The results of the offer were significant. Ninety per cent of the 4500 employees accepted the offer to take between 10 and 15 days’ unpaid leave.

Exactly how much money the strategy saved the company – and in turn how many jobs it saved – is difficult to quantify. However, with more than 4000 employees taking an extra 10 to 15 days unpaid leave it’s easy to say it would have a huge impact on overall savings.

Optimising

Organisations shouldn’t overlook the substantial benefits that can come simply from identifying key activities and optimising those activities.

As an example, a retail client of mine was required to reduce cost and optimise its current operations, due to facing significant headwinds as a result of the current downturn. To control costs was essential, but the retailer feared driving sales even lower if it cut in the wrong places. It began by working out which activities were essential for a distinctive retail experience and which would be most easily damaged by cost cutting.

One critical activity was organising in-store promotions (not just sales but also new-product promotions and seasonal events), from which the retailer derived more than 10 percent of its sales. Organising these activities involved highly elaborate processes: every region of the business and several corporate functions had to sign off on each promotional program, so across-the-board cost cuts could easily remove the people who understood how in-store events worked. By identifying this process as both crucial and vulnerable, the retailer cut costs with minimal impact.

Generic optimisation activities can include;

  • Outsourcing;
  • Using the company's bargaining power to drive down suppliers costs;
  • Make use of economies of scale (buy materials in bulk);
  • Invest in technology to increase production efficiency;

You can also look for opportunities to optimize value by:

  • Bypassing cost of distributors and dealers by selling directly to customers;
  • Replacing certain value chain activities with technology;
  • Eliminating low-value activities;
  • Relocating facilities to lower shipping or handling costs;
  • Offering frills-free experience (bare-bones product or service – anything other than essential is charged extra);
  • Limit your product line;

If these ideas, activities and techniques cannot be conducted in-house, an experienced supply chain consultant or contract & procurement professional should be engaged to help facilitate the optimisation process.

Conclusion

Most companies treat cost management as a one-off exercise driven by the need to manage short-term profit targets—and some of these exercises do succeed in the short term because of constant pressure from the CEO or CFO. Yet such hasty cost-cutting activity typically goes into reverse once the pressure is removed and rarely results in sustainable changes for the business.

Companies should start any cost-cutting initiative by thinking through their objectives. It is far too easy to say let’s cut costs by 20% and reduce the associated headcount. Setting in place clear and meaningful objectives for the short and longer terms identifies the goals that all employees are striving toward and creates a unified plan to meet those objectives.

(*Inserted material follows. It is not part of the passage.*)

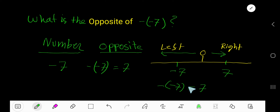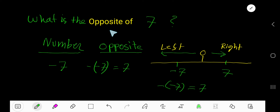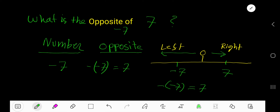This is the mathematical expression of the opposite of negative 7. Instead of the opposite of negative 7, you can place here 7. Now, what is the opposite of 7? The opposite of 7 is negative 7, so your answer is negative 7.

Where possible, set the objectives and associated strategies to take advantage of current and projected marketplace trends, such as being able to capitalise on lower supplier costs to decrease your project or pass-through costs to clients. An important part of the analysis and objective determination is to understand a company’s financial situation and the range of potential outcomes under several different scenarios.

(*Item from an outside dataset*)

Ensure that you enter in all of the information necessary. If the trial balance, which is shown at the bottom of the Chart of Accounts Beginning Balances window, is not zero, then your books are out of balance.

Secondly, within the resulting strategy, take time to understand which activities and methods drive value, such as the number of workers, safety metrics, or project costs - define which activities do or could make the organisation competitively distinctive. Organizations should invest in value-creating activities and cut costs in others while ensuring that these activities are focused on meeting the set objectives.

Finally, use the cost reduction program as an opportunity to build a competency in cost management rather than simply cutting costs. Cost-management ideas and programs need to be scoped, with ranging time frames from 3 months to three-year initiatives rather than as immediate-term efforts with no thought given to the longer-term objectives.